Having attended to this matter, Vladimir undertook to return his brother's hostile visit, as he had promised to do. Yaropolk's capital, Kiev, was a strongly fortified place, and capable of a stout resistance; but Vladimir corrupted Blude, one of Yaropolk's ministers, paying him to betray his master, and promising, in the event of success, to heap honors on his head. Blude worked upon Yaropolk's fears, and persuaded him to abandon the capital without a struggle, and Vladimir took possession of the throne and the country. Even in his exile, however, Yaropolk had no peace. Blude frightened him with false stories, and persuaded him to remove from place to place, until his mind and body were worn out, when, at Blude's suggestion, he determined to surrender himself, and trust to the mercy of Vladimir. That good-natured brother ordered the betrayed and distressed prince to be put to death.

Then Vladimir rewarded Blude. He entertained him in princely fashion, declaring to his followers that he was deeply indebted to this man for his faithful services, and heaping all manner of honors upon him. But at the end of three days he said to Blude: "I have kept my promise strictly. I have received you with welcome, and heaped unwonted honors upon your head. This I have done as your friend. To-day, as judge, I condemn the traitor and the murderer of his prince." He ordered that Blude should suffer instant death, and the sentence was executed.

Now that both Oleg and Yaropolk were dead, Vladimir was Grand Prince of all the Russias, as his father before him had been. He invaded Poland, and made war upon various others of his neighbors, greatly enlarging his dominions and strengthening his rule.

But Vladimir was a very pious prince in his heathen way, and feeling that the gods had greatly favored him, he made rich feasts of thanksgiving in their honor. He ordered splendid memorials to various deities to be erected throughout the country, and he specially honored Perune, the father of the gods, for whom he provided a new pair of golden whiskers--golden whiskers being the special glory of Perune.

Not content with this, Vladimir ordered a human sacrifice to be made, and selected for the victim a Christian youth of the capital. The father of the boy resisted, and both were slain, locked in each other's arms.

Vladimir gave vast sums of money to the religious establishments, and behaved generally like a very devout pagan. His piety and generosity made him so desirable a patron that efforts were made by the priests of other religions to convert him. Jews, Mohammedans, Catholics, and Greeks all sought to win him, and Vladimir began seriously to consider the question of changing his religion. He appointed a commission, consisting of ten boyards, and ordered them to examine into the comparative merits of the different religions, and to report to him. When their report was made, Vladimir weighed the matter carefully.

He began by rejecting Mohammedanism, because it forbids the use of wine, and Vladimir was not at all disposed to become a water-drinker. Judaism, he said, was a homeless religion, its followers being wanderers on the face of the earth, under a curse; so he would have nothing to do with that faith.

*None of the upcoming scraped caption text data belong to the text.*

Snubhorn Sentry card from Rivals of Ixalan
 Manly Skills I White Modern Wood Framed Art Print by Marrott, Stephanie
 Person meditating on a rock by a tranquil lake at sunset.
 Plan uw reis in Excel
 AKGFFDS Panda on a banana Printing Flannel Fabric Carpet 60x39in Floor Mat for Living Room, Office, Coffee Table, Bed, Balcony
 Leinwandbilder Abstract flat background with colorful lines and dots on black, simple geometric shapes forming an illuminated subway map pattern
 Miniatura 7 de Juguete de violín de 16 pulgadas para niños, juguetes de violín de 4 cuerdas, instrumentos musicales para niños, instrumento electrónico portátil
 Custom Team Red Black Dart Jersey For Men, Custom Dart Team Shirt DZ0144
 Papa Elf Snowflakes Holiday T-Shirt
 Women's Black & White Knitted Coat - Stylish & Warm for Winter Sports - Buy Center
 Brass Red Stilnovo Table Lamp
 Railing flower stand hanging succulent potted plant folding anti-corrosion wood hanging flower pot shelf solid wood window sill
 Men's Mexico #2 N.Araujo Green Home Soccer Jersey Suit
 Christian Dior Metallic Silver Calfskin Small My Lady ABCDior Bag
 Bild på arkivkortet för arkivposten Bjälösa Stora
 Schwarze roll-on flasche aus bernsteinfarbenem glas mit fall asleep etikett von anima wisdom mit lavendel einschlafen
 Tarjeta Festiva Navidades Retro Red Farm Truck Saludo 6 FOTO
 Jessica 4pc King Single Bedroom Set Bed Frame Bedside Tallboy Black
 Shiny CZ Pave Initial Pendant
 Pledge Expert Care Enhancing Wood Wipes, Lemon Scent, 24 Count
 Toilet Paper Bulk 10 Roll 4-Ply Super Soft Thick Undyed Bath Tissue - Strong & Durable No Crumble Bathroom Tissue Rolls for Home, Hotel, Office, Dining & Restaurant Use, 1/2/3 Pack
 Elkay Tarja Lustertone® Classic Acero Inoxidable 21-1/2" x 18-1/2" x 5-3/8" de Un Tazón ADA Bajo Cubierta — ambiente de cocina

The Catholic religion would not do at all, because it recognized in the pope a superior to himself, and Vladimir had no mind to acknowledge a superior. The Greek religion was free from these objections, and moreover, by adopting it he would bring himself into friendship with the great Greek or Byzantine Empire, whose capital was at Constantinople, and that was something which he earnestly desired to accomplish.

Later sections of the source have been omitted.